Alongside the McLaren-Honda MP4-30 and new NSX, you could be forgiven for thinking that a mere hot hatch might be left quivering in the shadows.

But revealed alongside those big-hitters at the Geneva motor show, it’s distinctly possible that the production-ready, 306bhp Civic Type-R could turn out to be the most compelling part of Honda’s three-pronged high-speed reversal out of mediocrity.

Why? Well, a senior Honda source reckons that its £29,995 price tag could translate into putting one these on your driveway for less than £300 per month. That’s seriously tempting, not least because the Civic Type-R is the fastest and most potent front-drive hatch ever. Top speed is 167mph, and it’ll do 0-62mph in 5.7 seconds.

Another juicy stat? Honda has announced a 7m50.63s lap of the Nurburgring, set way back in May 2014. The impatience must have been killing them - that’s more than quick enough to dethrone the significantly more track-biased Renault Megane Trophy-R as fastest front-driver at the Green Hell.

We ask project leader Hisayuki Yagi if this had been a priority during development. “Of course”, he tells, “but that wasn’t the only priority. It would have been an easy task to just be the quickest on the Nordschleife. But that was not the only target we had. We had to think about daily usability, fuel consumption, all those kind of things”.

We also press to see if the car that stopped the clock at sub-8min was entirely standard. “It was a development car; at that time we didn’t have a production car. We applied a roll cage to the car to maintain safety for our test driver. It was mounted so that it would have no effect on the body rigidity; we were curious too and wanted to know what potential the production car had.

“It was important to maintain stock condition. The weight increase of the roll cage was balanced by taking out the rear seats and the air conditioning. The rest is identical to the mass production car, from suspension and tyres to engine specification. In theory you should be able to exactly reproduce that lap time.”

Yagi-San admits there is much more potential in the car if his team were to take the Renaultsport approach of stripping components to create an ultra version, but this isn’t in the current plan. Should the French - or another challenger (*cough*, Ford) - go faster still, we certainly wouldn’t bet against Honda axing the luxuries to regain honours.

As standard, though, it looks the absolute business.
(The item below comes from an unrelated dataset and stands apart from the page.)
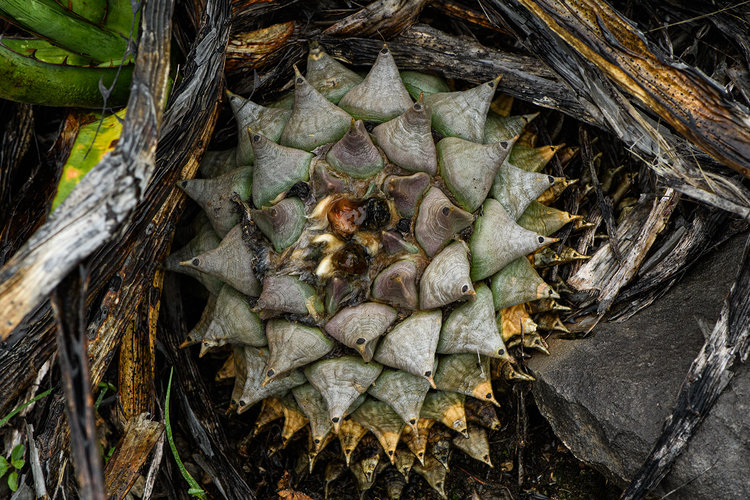 ariocarpus_retusus_furfuraceus_La_Luz_Coah_1_fb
The hallowed Type-R badge is affixed to a body of wild aerodynamic effectiveness, the rear spoiler now heavily reprofiled compared to last year’s concept iteration, the rear diffuser even deeper, all set off by quad exhausts.

At the front, there’s a redesigned bumper, a large splitter, swollen wheelarches, and new intakes slashed into the front wings. Yes, it’s as subtle as being slammed in the face with a giant frying pan, but at least it proves that Honda’s heart is still beating hard and fast. It also suggests that the Type-R’s VTEC lump generates a lot of heat. sampled that new 2.0-litre direct injection turbo engine in a pre-prod car - now confirmed at 306bhp and red-lined at 7000rpm - and did not find it wanting. There is 295lb ft from 2500rpm, so this is a new kind of groove from a company that was for so long addicted to a high-revving VTEC buzz. But S2000-owning Yagi-San insists the free-revving character is present and correct. “This is not a turbo engine with VTEC; it is a VTEC engine with a turbo attached”.

All this goodness would still evaporate in a cloud of tyre smoke if the suspension wasn’t beefed up accordingly: the Civic remains, don’t forget, defiantly front-wheel drive. Honda’s answer is called the ‘Dual Axis Strut’, which adds an additional steering knuckle to the standard McPherson strut front end, the aim being to quell the unruly torque steer that 300bhp-plus through the front wheels traditionally heralds.
The Civic’s unpromising torsion beam rear has been tuned too, to increase rigidity. There are also adaptive dampers on each corner, and a mechanical limited-slip differential.

Should you find a B-road that hasn’t actually been decimated by a chilly winter and council penury, you can turn the Type-R into a Type-R +R, this harder driving mode plumping up the torque map, increasing steering resistance, and beefing up the dampers. The tyres are bespoke 235/35R 19s, hiding a Brembo braking system whose drilled front discs are 350mm in diameter.

The cabin is equally uncompromising, with a machined alloy gear lever knob joining the dots to classic Type-R models like the epic late-Nineties Integra, and suede-effect, high-backed seats. Five exterior colours are available, none of which do much to mute the Civic’s brilliantly outré exterior design.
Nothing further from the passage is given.